Each entry must appear in the answer exactly as given.

◇ ◇ ◇

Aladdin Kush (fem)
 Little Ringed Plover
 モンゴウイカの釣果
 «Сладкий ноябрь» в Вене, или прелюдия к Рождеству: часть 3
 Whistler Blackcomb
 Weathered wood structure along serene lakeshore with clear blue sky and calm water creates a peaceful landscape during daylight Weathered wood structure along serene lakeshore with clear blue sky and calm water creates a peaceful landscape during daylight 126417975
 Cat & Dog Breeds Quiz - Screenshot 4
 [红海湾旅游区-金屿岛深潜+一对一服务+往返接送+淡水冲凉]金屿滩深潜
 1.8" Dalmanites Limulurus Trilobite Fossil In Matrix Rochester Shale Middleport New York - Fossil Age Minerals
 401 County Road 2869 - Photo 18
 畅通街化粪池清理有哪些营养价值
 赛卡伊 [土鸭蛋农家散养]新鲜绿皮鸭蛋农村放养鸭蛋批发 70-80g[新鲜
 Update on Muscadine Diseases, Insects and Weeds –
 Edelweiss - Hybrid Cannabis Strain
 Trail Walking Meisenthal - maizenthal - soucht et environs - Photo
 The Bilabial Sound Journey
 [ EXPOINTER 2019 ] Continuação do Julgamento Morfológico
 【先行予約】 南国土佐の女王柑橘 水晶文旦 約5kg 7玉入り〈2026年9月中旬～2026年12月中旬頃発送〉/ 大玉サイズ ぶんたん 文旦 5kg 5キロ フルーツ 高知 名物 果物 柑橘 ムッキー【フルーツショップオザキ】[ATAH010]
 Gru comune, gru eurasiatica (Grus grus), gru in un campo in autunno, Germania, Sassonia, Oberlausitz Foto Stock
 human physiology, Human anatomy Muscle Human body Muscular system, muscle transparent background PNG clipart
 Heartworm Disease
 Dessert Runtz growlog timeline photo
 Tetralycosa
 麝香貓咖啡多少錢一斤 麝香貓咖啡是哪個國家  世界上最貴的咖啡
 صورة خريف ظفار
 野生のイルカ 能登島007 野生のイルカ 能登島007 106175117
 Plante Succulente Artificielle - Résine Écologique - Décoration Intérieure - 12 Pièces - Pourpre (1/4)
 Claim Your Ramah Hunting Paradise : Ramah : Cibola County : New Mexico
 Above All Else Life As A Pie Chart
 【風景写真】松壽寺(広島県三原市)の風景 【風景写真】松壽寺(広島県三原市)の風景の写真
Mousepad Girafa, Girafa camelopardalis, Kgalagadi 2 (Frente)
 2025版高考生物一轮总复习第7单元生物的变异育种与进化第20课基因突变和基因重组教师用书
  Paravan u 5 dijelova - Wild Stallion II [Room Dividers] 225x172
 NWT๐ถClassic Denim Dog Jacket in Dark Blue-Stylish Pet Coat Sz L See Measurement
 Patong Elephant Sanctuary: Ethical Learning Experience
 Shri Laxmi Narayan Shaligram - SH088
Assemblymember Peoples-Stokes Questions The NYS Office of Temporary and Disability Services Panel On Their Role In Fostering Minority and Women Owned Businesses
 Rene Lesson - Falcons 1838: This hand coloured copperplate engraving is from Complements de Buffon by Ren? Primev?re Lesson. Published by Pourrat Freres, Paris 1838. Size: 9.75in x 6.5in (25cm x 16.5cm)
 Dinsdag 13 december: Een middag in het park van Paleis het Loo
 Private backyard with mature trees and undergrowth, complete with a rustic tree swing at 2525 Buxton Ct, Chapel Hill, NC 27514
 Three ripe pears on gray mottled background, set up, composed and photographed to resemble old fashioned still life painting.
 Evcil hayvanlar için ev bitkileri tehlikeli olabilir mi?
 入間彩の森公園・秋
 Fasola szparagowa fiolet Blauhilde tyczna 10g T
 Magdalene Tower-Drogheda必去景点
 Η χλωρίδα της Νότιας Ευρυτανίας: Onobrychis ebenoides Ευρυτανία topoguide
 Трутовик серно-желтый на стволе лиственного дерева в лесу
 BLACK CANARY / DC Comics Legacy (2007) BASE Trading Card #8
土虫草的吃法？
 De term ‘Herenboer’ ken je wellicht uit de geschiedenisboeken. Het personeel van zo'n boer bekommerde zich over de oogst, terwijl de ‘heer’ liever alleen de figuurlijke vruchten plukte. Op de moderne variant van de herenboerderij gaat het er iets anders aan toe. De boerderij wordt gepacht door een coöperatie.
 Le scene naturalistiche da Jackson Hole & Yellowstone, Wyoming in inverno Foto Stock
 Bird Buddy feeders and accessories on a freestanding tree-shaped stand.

◇ ◇ ◇

## YOUR RESPONSE
Aladdin Kush (fem)
 Little Ringed Plover
 モンゴウイカの釣果
 «Сладкий ноябрь» в Вене, или прелюдия к Рождеству: часть 3
 Whistler Blackcomb
 Weathered wood structure along serene lakeshore with clear blue sky and calm water creates a peaceful landscape during daylight Weathered wood structure along serene lakeshore with clear blue sky and calm water creates a peaceful landscape during daylight 126417975
 Cat & Dog Breeds Quiz - Screenshot 4
 [红海湾旅游区-金屿岛深潜+一对一服务+往返接送+淡水冲凉]金屿滩深潜
 1.8" Dalmanites Limulurus Trilobite Fossil In Matrix Rochester Shale Middleport New York - Fossil Age Minerals
 401 County Road 2869 - Photo 18
 畅通街化粪池清理有哪些营养价值
 赛卡伊 [土鸭蛋农家散养]新鲜绿皮鸭蛋农村放养鸭蛋批发 70-80g[新鲜
 Update on Muscadine Diseases, Insects and Weeds –
 Edelweiss - Hybrid Cannabis Strain
 Trail Walking Meisenthal - maizenthal - soucht et environs - Photo
 The Bilabial Sound Journey
 [ EXPOINTER 2019 ] Continuação do Julgamento Morfológico
 【先行予約】 南国土佐の女王柑橘 水晶文旦 約5kg 7玉入り〈2026年9月中旬～2026年12月中旬頃発送〉/ 大玉サイズ ぶんたん 文旦 5kg 5キロ フルーツ 高知 名物 果物 柑橘 ムッキー【フルーツショップオザキ】[ATAH010]
 Gru comune, gru eurasiatica (Grus grus), gru in un campo in autunno, Germania, Sassonia, Oberlausitz Foto Stock
 human physiology, Human anatomy Muscle Human body Muscular system, muscle transparent background PNG clipart
 Heartworm Disease
 Dessert Runtz growlog timeline photo
 Tetralycosa
 麝香貓咖啡多少錢一斤 麝香貓咖啡是哪個國家  世界上最貴的咖啡
 صورة خريف ظفار
 野生のイルカ 能登島007 野生のイルカ 能登島007 106175117
 Plante Succulente Artificielle - Résine Écologique - Décoration Intérieure - 12 Pièces - Pourpre (1/4)
 Claim Your Ramah Hunting Paradise : Ramah : Cibola County : New Mexico
 Above All Else Life As A Pie Chart
 【風景写真】松壽寺(広島県三原市)の風景 【風景写真】松壽寺(広島県三原市)の風景の写真
Mousepad Girafa, Girafa camelopardalis, Kgalagadi 2 (Frente)
 2025版高考生物一轮总复习第7单元生物的变异育种与进化第20课基因突变和基因重组教师用书
  Paravan u 5 dijelova - Wild Stallion II [Room Dividers] 225x172
 NWT๐ถClassic Denim Dog Jacket in Dark Blue-Stylish Pet Coat Sz L See Measurement
 Patong Elephant Sanctuary: Ethical Learning Experience
 Shri Laxmi Narayan Shaligram - SH088
Assemblymember Peoples-Stokes Questions The NYS Office of Temporary and Disability Services Panel On Their Role In Fostering Minority and Women Owned Businesses
 Rene Lesson - Falcons 1838: This hand coloured copperplate engraving is from Complements de Buffon by Ren? Primev?re Lesson. Published by Pourrat Freres, Paris 1838. Size: 9.75in x 6.5in (25cm x 16.5cm)
 Dinsdag 13 december: Een middag in het park van Paleis het Loo
 Private backyard with mature trees and undergrowth, complete with a rustic tree swing at 2525 Buxton Ct, Chapel Hill, NC 27514
 Three ripe pears on gray mottled background, set up, composed and photographed to resemble old fashioned still life painting.
 Evcil hayvanlar için ev bitkileri tehlikeli olabilir mi?
 入間彩の森公園・秋
 Fasola szparagowa fiolet Blauhilde tyczna 10g T
 Magdalene Tower-Drogheda必去景点
 Η χλωρίδα της Νότιας Ευρυτανίας: Onobrychis ebenoides Ευρυτανία topoguide
 Трутовик серно-желтый на стволе лиственного дерева в лесу
 BLACK CANARY / DC Comics Legacy (2007) BASE Trading Card #8
土虫草的吃法？
 De term ‘Herenboer’ ken je wellicht uit de geschiedenisboeken. Het personeel van zo'n boer bekommerde zich over de oogst, terwijl de ‘heer’ liever alleen de figuurlijke vruchten plukte. Op de moderne variant van de herenboerderij gaat het er iets anders aan toe. De boerderij wordt gepacht door een coöperatie.
 Le scene naturalistiche da Jackson Hole & Yellowstone, Wyoming in inverno Foto Stock
 Bird Buddy feeders and accessories on a freestanding tree-shaped stand.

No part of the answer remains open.